* _WORK REQUEST_:
Pull out every line below that holds the word "from".
[Start of Attachment]
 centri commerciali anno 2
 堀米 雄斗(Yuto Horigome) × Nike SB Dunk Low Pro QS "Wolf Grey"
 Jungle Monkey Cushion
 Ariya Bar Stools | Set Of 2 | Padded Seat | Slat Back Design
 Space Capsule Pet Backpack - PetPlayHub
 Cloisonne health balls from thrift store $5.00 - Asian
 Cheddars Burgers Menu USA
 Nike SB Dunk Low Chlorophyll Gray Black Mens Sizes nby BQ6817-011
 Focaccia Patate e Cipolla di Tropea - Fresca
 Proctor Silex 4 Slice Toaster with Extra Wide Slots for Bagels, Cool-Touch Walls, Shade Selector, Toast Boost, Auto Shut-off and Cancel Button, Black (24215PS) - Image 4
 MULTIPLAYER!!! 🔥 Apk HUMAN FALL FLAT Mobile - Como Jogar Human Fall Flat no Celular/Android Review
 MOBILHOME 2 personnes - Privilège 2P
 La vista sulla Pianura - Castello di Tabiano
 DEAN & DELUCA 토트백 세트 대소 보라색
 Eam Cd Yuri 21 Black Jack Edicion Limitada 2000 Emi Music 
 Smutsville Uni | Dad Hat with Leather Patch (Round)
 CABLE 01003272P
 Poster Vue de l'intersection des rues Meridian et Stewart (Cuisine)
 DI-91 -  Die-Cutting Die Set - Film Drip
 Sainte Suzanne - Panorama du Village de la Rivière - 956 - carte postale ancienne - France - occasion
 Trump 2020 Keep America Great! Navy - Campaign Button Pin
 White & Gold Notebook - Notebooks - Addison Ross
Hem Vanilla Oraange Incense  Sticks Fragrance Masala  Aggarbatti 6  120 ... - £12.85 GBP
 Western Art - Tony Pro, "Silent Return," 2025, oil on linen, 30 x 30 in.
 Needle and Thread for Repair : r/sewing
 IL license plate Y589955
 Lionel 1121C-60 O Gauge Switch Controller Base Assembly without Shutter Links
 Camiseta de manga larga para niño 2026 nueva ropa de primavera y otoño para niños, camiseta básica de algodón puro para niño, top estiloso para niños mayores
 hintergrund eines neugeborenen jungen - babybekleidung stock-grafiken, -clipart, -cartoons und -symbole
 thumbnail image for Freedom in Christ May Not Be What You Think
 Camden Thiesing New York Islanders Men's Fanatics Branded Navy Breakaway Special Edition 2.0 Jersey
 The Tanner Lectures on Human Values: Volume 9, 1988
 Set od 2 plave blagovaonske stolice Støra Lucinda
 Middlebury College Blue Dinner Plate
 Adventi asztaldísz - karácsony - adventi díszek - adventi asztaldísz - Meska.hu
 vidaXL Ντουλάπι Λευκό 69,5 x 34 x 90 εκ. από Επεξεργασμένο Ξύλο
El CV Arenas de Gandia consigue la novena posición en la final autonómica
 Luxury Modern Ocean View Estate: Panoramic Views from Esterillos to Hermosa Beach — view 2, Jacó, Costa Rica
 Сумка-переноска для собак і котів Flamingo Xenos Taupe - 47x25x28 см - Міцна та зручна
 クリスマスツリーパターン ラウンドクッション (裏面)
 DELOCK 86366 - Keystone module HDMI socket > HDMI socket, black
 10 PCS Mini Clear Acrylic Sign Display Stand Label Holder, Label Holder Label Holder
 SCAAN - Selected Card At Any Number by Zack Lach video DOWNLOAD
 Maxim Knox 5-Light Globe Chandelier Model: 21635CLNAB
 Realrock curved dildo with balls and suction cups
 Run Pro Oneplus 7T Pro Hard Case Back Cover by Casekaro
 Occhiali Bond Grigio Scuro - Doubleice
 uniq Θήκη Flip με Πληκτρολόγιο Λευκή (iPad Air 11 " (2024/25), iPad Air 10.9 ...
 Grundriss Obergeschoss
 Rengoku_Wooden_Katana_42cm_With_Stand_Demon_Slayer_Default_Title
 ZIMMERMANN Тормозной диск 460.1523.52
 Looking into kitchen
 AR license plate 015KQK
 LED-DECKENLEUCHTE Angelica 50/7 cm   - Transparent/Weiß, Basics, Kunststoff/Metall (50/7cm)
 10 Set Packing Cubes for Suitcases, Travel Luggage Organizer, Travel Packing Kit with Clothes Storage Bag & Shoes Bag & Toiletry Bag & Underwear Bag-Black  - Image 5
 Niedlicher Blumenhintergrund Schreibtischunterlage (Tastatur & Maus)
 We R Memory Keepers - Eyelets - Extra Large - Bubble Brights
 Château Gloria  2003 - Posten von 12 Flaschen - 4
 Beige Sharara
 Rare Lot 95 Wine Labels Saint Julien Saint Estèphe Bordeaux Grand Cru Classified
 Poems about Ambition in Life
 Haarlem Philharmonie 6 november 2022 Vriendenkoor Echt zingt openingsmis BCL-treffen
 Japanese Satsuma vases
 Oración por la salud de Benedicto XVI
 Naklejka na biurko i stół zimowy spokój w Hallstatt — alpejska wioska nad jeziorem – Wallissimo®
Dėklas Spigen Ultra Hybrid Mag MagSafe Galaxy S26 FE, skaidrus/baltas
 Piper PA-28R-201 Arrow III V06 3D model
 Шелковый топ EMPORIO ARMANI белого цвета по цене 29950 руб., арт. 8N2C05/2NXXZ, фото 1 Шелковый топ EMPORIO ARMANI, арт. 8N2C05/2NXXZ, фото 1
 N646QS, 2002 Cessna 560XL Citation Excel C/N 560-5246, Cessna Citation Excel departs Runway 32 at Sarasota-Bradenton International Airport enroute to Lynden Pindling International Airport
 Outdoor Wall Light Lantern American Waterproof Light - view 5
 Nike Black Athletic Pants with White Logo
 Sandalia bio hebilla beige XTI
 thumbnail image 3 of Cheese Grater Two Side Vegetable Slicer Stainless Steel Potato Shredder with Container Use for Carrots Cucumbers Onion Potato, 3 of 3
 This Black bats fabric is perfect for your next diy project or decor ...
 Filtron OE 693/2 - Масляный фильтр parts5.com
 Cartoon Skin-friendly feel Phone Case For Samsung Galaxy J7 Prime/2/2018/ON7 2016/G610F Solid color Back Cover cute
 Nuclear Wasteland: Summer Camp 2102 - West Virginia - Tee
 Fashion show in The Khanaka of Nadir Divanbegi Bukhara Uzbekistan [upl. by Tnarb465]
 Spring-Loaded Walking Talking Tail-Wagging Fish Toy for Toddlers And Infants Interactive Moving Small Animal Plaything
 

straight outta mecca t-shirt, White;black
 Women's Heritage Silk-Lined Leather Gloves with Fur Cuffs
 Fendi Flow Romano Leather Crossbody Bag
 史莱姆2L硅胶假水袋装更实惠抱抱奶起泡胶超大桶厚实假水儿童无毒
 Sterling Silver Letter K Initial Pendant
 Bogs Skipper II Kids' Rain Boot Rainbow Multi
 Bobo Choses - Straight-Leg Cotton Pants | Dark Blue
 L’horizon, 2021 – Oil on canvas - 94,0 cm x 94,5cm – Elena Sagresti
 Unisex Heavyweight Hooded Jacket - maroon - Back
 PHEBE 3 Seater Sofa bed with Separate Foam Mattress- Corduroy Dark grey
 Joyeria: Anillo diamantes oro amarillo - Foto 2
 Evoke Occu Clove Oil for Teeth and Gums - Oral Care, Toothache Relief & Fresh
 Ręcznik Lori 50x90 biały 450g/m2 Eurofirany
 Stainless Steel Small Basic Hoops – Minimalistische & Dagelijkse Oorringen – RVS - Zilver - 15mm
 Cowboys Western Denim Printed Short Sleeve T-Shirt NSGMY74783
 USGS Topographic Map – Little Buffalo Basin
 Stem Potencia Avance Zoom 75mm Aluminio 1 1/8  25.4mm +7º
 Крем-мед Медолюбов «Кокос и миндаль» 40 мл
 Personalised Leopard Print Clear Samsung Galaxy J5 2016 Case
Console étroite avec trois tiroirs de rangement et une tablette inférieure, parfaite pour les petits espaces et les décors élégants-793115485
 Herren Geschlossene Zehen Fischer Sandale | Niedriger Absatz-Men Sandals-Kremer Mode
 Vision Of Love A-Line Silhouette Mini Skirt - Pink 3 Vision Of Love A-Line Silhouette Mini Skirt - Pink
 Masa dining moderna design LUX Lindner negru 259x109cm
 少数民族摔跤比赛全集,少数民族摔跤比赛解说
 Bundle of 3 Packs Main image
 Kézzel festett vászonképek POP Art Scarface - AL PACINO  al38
[End of Attachment]
* _FINAL ANSWER_:
 Cloisonne health balls from thrift store $5.00 - Asian
 Luxury Modern Ocean View Estate: Panoramic Views from Esterillos to Hermosa Beach — view 2, Jacó, Costa Rica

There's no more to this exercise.